Forum prawne

Pracodawca nie chce wyplacic wynagrodzenia!

Witam

jestem tutaj nowy.. nie wiem do kogo sie zwrocic wiec mam nadzieje, ze otrzymam odpowiedz i pomoc na waszym forum. Jezeli temat zamiescilem w nieodpowiednim dziale z gory przepraszam.
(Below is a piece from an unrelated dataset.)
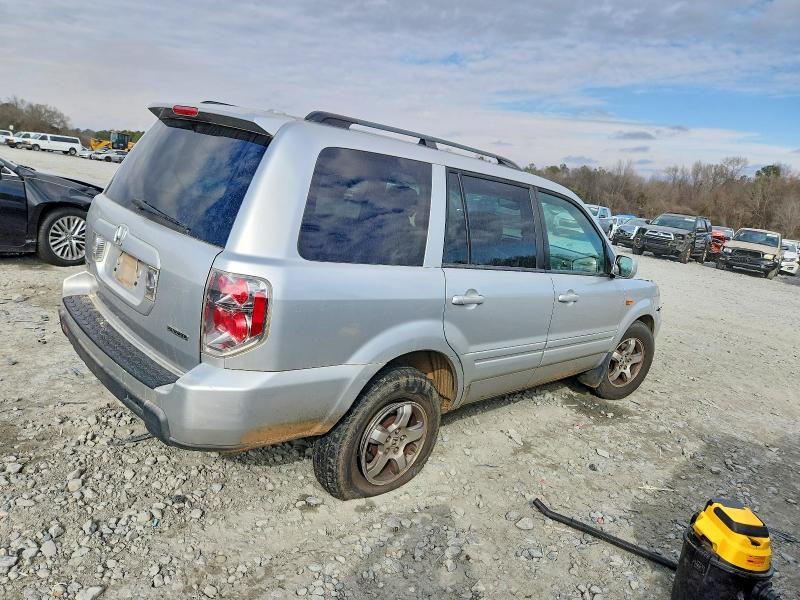 Photo 3 from auction – 2006 HONDA PILOT EX with VIN 2HKYF18586H541252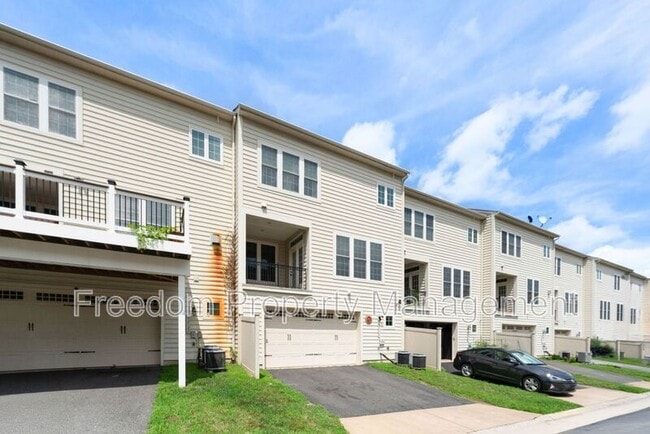 Building Photo - 42524 Rowderbury Sq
Tak jak w temacie mam problem z odzyskaniem pieniedzy uczciwie zarobionych. Pracowałem jako sprzedawca (dział elektorniczny ). W fachu mialem doswiadczenie rok u poprzedniego pracodawcy, jednak stoisko zostalo wykupione przez innego pana u ktorego niestety mialem nieprzyjemnosc pracowac troche ponad miesiac. Mianowicie wpierw pracowałem ok 7-10dni jako okres probny ( z zarobionymi pieniedzmi przez ten okres nie mialem problemu i je otrzymalem) problem sie zaczal po podpisaniu umowy ktora oczywiscie w dalszym ciagu posiadam. Podpisalismy umowe ( umowa zlecenie ) na caly miesiac. Caly ten okres pracowalem naprawde sumiennie,uczciwie i rzetelnie...pod koniec miesiaca jednak dowiedzielismy sie, tzn ja i moj pracodawca, ze punkt najprawdopodobniej bedzie przejety przez wieksza firme i umowy najmu na kolejny miesiac moj pracodawca juz nie otrzyma i tak tez sie stalo. Łącznie za prace mi wyszlo ok 1100zł oczywiscie o zarobiona naleznosc sie upomnialem i spytalem, kiedy ja otrzymam, pracodawca stwierdzil, ze ma zamiar w najblizszym czasie otworzyc punkt w innym miejscu, nie ma pieniedzy aby mi teraz wyplacic i stwierdzil, ze wyplaci mi moja wyplate w okresie ok 2-3tyg. Minal miesiac... upominalem sie o pieniadze jednak caly czas slyszalem, ze on mi ich nie da, bo sam nie ma aby mi wyplacic. Po ok 3 dniach upomnialem sie kolejny raz i uwaga! pracodawca bezczelnie stwierdzil, ze mam zapomniec o tym abym pieniadze otrzymal poniewaz doliczyl sie ze okradalem go z towaru! co absolutnie jest bzdura i wymyslem stwierdzil, ze jestem " wyje*****czem "., kiedy mu powiedzialem ,ze to nieprawda i ze wymysla aby pieniedzy mi nie wyplaci stwierdzil, ze moja umowa zostala anulowana i nawet nie zgloszona do urzedu, kiedy sie "doliczyl" i ze jak najbardziej jego ksiegowa miala do tego prawo, skoro go okradlem na mniej wiecej taka sume jaka byl mi winny. Dodam, ze pracodawcy byl to pierwszy i jedyny punkt czy tez "firma" ktora otworzyl i nie mial doswiadczenia z jego prowadzeniem,dbaniem co swiadczylo o jego braku zainteresowania i tzw. "bimbaniem" sobie co doskonalym przykladem jest np. to, ze praktycznie od 1-31 dnia miesiaca mialem ok 3-4dni wolnego ( bylem jego jedynym pracownikiem ) wiem, tez ze ma nie jedna sprawe w sadzie nie wiem konkretnie za co, ale mysle, ze wiecie o jakim typie czlowieka mowie. Naprawde zaufalem temu czlowiekowi, pomagalem mu w rozwoju firmy, bylismy nawet na stopie kolezenskiej. Jednak okazalo sie, ze jest to czlowiek dwulicowy.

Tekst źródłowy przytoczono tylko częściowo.